Practicalities: Global standards are essential
Underlying all scenarios for the re-establishment of air connectivity is the development of global standards so that the requirements of one country can be followed by travellers originating in other jurisdictions. Key global standards that are being developed include:
The World Health Organization (WHO) is leading efforts to build the standards needed to digitally record vaccination information that will be critical to re-establishing international travel. The Smart Vaccination Certificate will be the digital successor to the long-established “yellow book” used to manage vaccinations such as yellow fever.
Global framework for testing
The Organisation for Economic Co-operation and Development (OECD) is laying the foundation for a global framework to help governments trust testing data based on the mutual recognition of testing results. The urgency of such a framework was demonstrated by the recent suspension of flights between the United Arab Emirates (UAE) and Denmark over concerns about the UAE’s testing regime. A trusted framework will ensure that travellers are not caught in the middle when governments do not recognise each other’s testing regimes. Standardising the appropriate testing certificates is also essential.
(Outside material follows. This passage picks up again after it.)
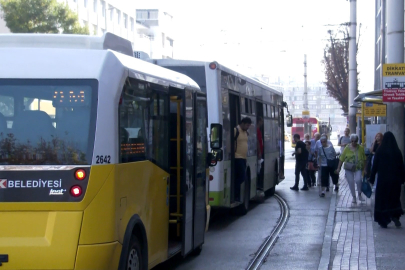 Bursa'da ücretsiz ulaşım için büyük fedakarlık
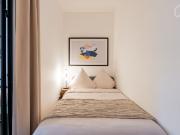 Luxurious designer apartment with 2 bedrooms in prime...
Digital Travel Credential (DTC)
ICAO has published standards to create a DTC from ePassports. Along with enabling contactless travel as recommended by the ICAO-CART guidelines, the credentials are an essential component in digitally matching travellers to their vaccination and testing certificates. The standard exists and the challenge now is implementation.
“As we have seen, unilateral government decisions are very effective in shutting down global mobility. Re-establishing the freedom to travel, however, can only be done with cooperation. Governments are already seeing how challenging that will be without global standards for vaccines or tests. This puts a spotlight on the urgency of the essential work being done by WHO, OECD and ICAO. IATA is participating in these initiatives and stands ready to help governments with implementation,” said de Juniac.
Building the future with IATA travel pass
IATA is building the information infrastructure to safely re-start travel with the IATA Travel Pass. The IATA Travel Pass is an industry solution that will help governments, airlines and individual travellers to manage vaccine or testing requirements with accurate information, secure identification and verified data. As an industry-supported solution, it will be cost effective, protect privacy and respect global standards.
The first pilot programme to test the app in a real travel situation commenced with Singapore Airlines in December 2020. A growing list of airlines are confirming their intention to use IATA Travel Pass, including IAG, Emirates, Etihad Airways and Qatar Airways.
“Based on our deep experience of driving transformational change in global air transport, we believe that the IATA Travel Pass will offer the best support to governments in managing vaccination and testing data to safely facilitate travel. But the success of any of the solutions being developed will depend on governments working with and trusting each other. Air transport built its reputation on safety by cooperating with governments to ensure universal implementation of transparent global standards. That’s a compelling model for how industry and governments can work together to re-connect the world,” said de Juniac.